Yıllar önce çalıştığım şirkette oldukça ciddi bir müdür vardı. Çevresinde bir korku ortamı yaratmıştı. Her hareketi sanki planlı idi, birlikte bir bakanlık toplantısına giderken kolalı gömleğinin buruşmaması için put gibi oturduğunu, kol düğmelerini, jilet gibi pantolonunu hatırlıyorum. Buna ragmen; parlak bir fikrini ve hatta yararlı bir hareketini hatırlamıyorum. Onun hakkında tek bildiğim şirkete önemli bir pozisyon için yurt dışından geldiği, sonrasında parlak bir kuyruklu yıldız gibi gözlerimizin önünden geçtiğidir.

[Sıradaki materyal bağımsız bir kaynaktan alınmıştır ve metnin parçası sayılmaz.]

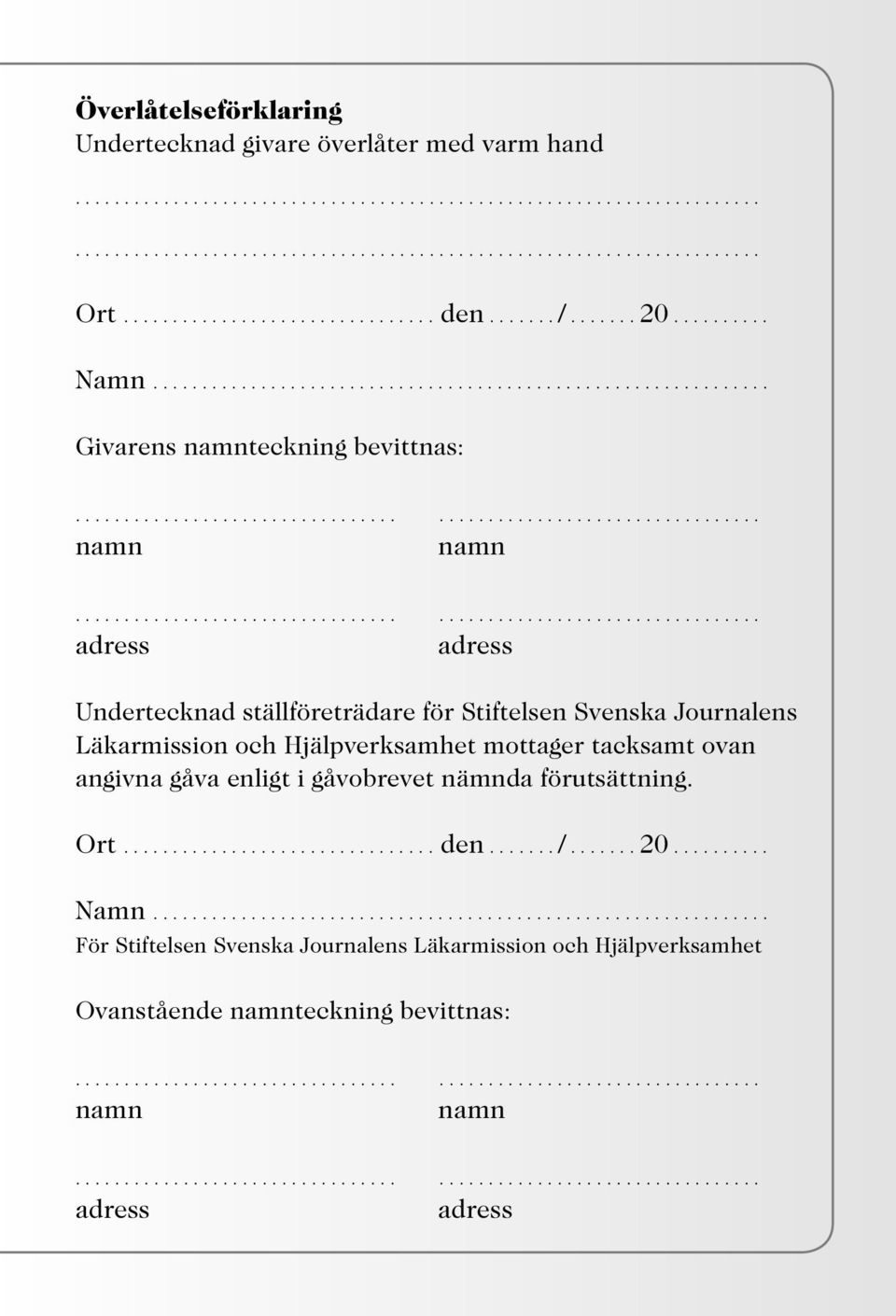 ................................................................. adress adress Undertecknad ställföreträdare för Stiftelsen Svenska Journalens Läkarmission och Hjälpverksamhet mottager tacksamt ovan angivna gåva enligt i gåvobrevet nämnda förutsättning.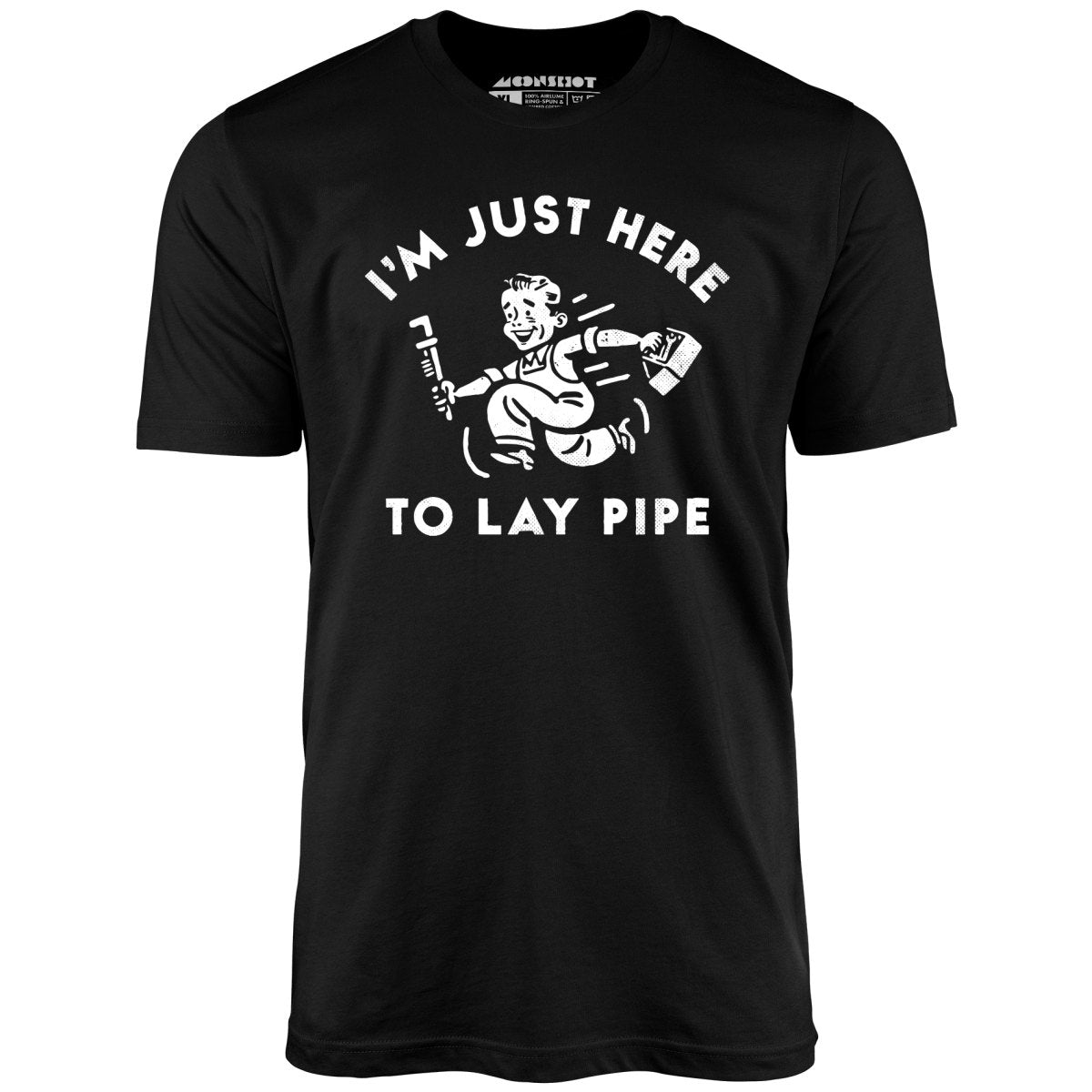 I'm Just Here to Lay Pipe - Unisex T-Shirt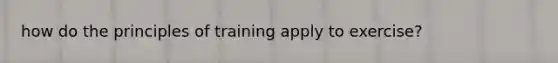 how do the principles of training apply to exercise?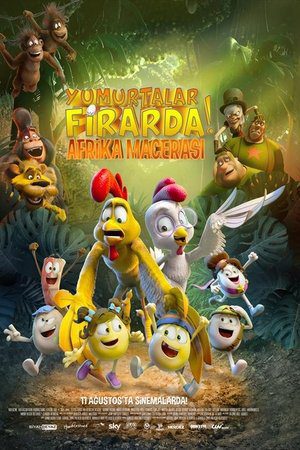 Yumurtalar Firarda Afrika Macerası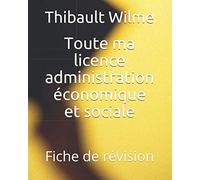 Toute ma licence administration économique et sociale: Fiche de révision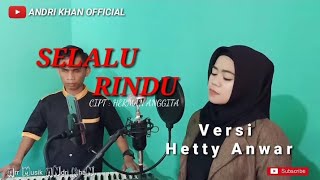Download lagu SELALU RINDU COVER HETTY ANWAR FT ANDRI KHAN mp3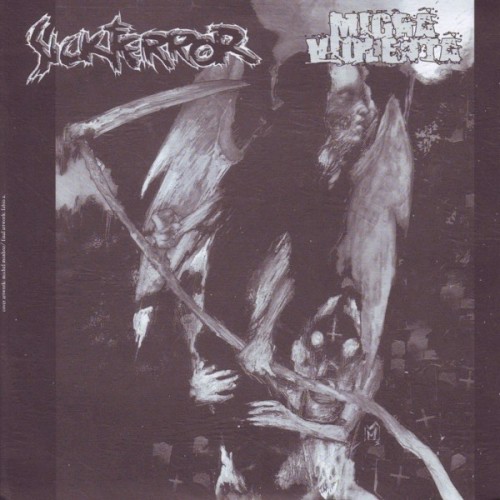 Sick Terror / Migra Violenta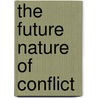 the Future Nature of Conflict by T. Zhao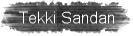 Tekki Sandan
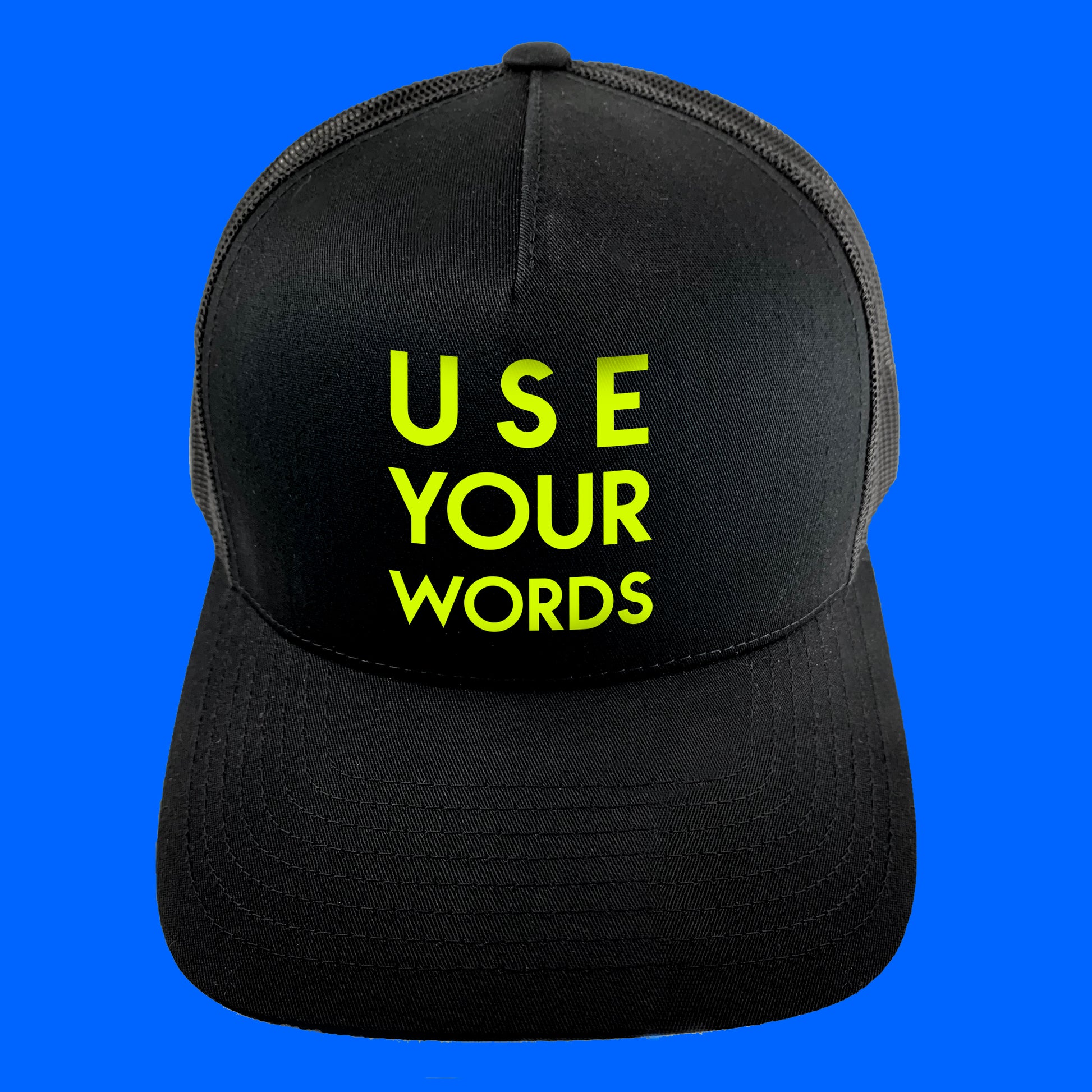 USE YOUR WORDS custom text snapback hat by Glitter Garage / BBJ - black cap with bold text in your message - sample with Use Your Words text in neon yellow matte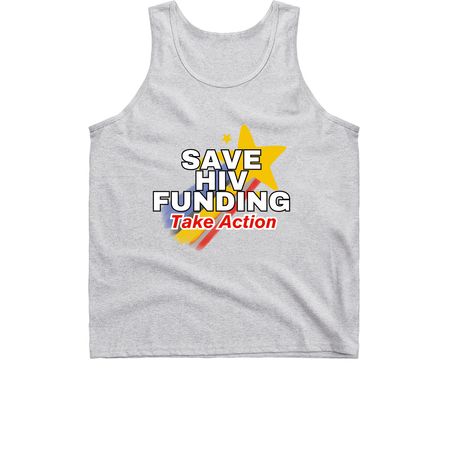 Save HIV Funding: Pride Campaign Option 2, a Sport Grey Classic Unisex Tank Top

Oysa bulunduğumuz şirketi yaratan kişi uzun süredir aynı montu giyiyor ve sıradan bir saat takıyordu. Bizlere, yani çalışanlara, önem veriyordu. Hepimize selam veriyor, ofisboydan muhasebe personeline kadar hepimizin hatırını soruyordu. Çalışma hayatına ilişkin önemli kuralları kendisinden öğrendim. Benim korkuyla baktığım durumlara neşe içinde bakıyor ve başkalarının fark etmediği bakış açılarından görebiliyordu. Ona şekilsel bir ciddiyet öğretilmemişti ama işini çok önemsiyordu. O yüzden çalışanlara ve onların motivasyonlarına değer veriyordu.

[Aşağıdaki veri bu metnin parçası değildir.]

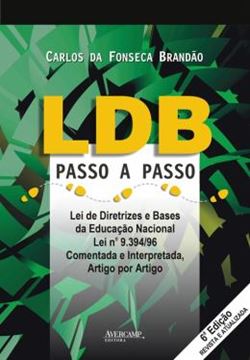 Imagem de LDB PASSO A PASSO - LEI Nº 9.394/96 - 6ª ED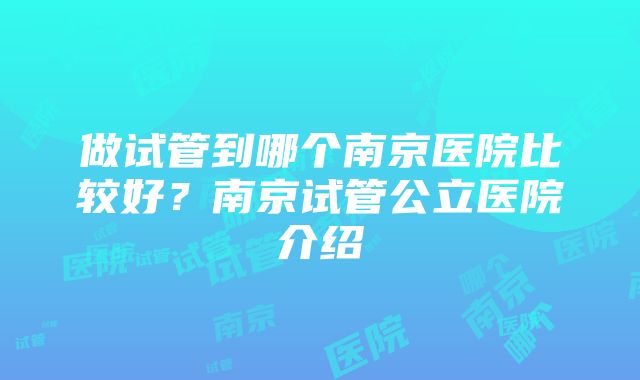 做试管到哪个南京医院比较好？南京试管公立医院介绍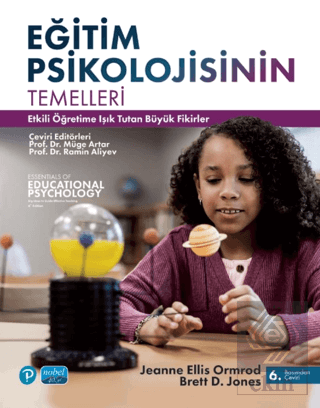 Eğitim Psikolojisinin Temelleri Etkili Öğretime Işık Tutan Büyük Fikirler / Essentials of Educational Psychology-Big Ideas to Guide Effective Teaching
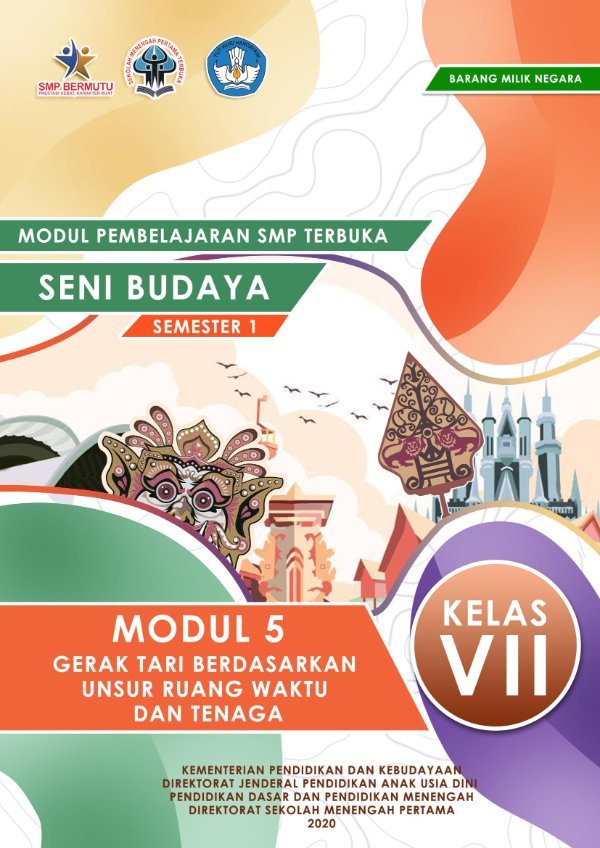 Sampul Modul pembelajaran SMP Terbuka seni budaya semester 1 modul 5: gerak tari berdasarkan unsur ruang waktu dan tenaga kelas VII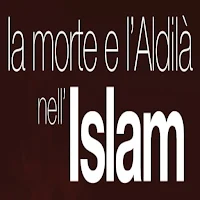 La morte e l'Aldila nell'Islam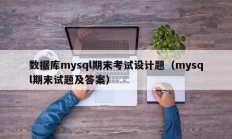 数据库mysql期末考试设计题（mysql期末试题及答案）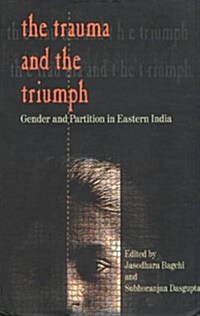 The Trauma and the Triumph : Gender and Partition in Eastern India (Hardcover)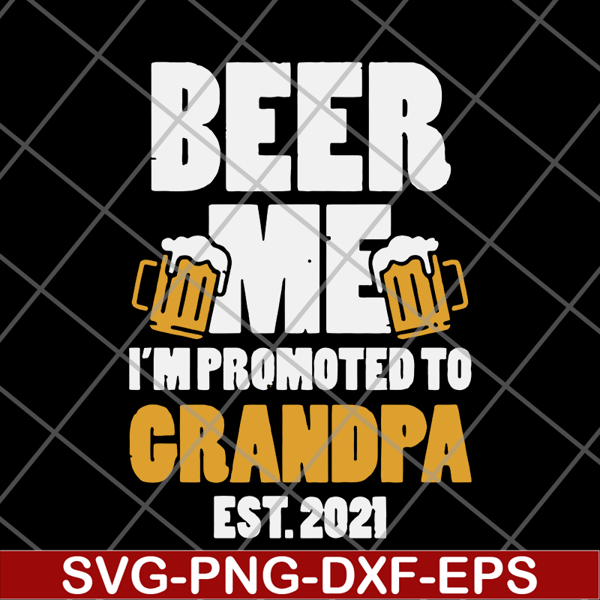 FTD07062102-Beer Me Promoted Grandpa 2021 Drinking svg, png, dxf, eps digital file FTD07062102.jpg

Eğer işinizi layıkıyla yapmanıza ve yaptığınız işe değer vermenize rağmen işe giderken ayaklarınız geri geri gidiyorsa belki de işinizi olması gerektiğinden fazla ciddiye alıyor olabilirsiniz. İşiniz ile ilgili neşeniz kaçmışsa biraz düşünmenizde fayda var.

En son ne zaman çok motive bir şekilde çalıştığınızı hatırlayın, neredeydiniz ve ne yapıyordunuz?

Sizi motive eden şey ne idi?

O zamanki başarınızı ve iyi hissettiren ortamı ve olayları düşünün, şimdiki ile kıyaslayın kaybettiğiniz şey nedir?

Bulunduğunuz durumla ilgili güzel olan, pozitif olan şeyler yok mu? Onlar nelerdir?

Olayları bu kadar ciddiye almakla neyi çözüyorsunuz?

Durum çok mu ciddi? Bir de komik olmayı deneyin!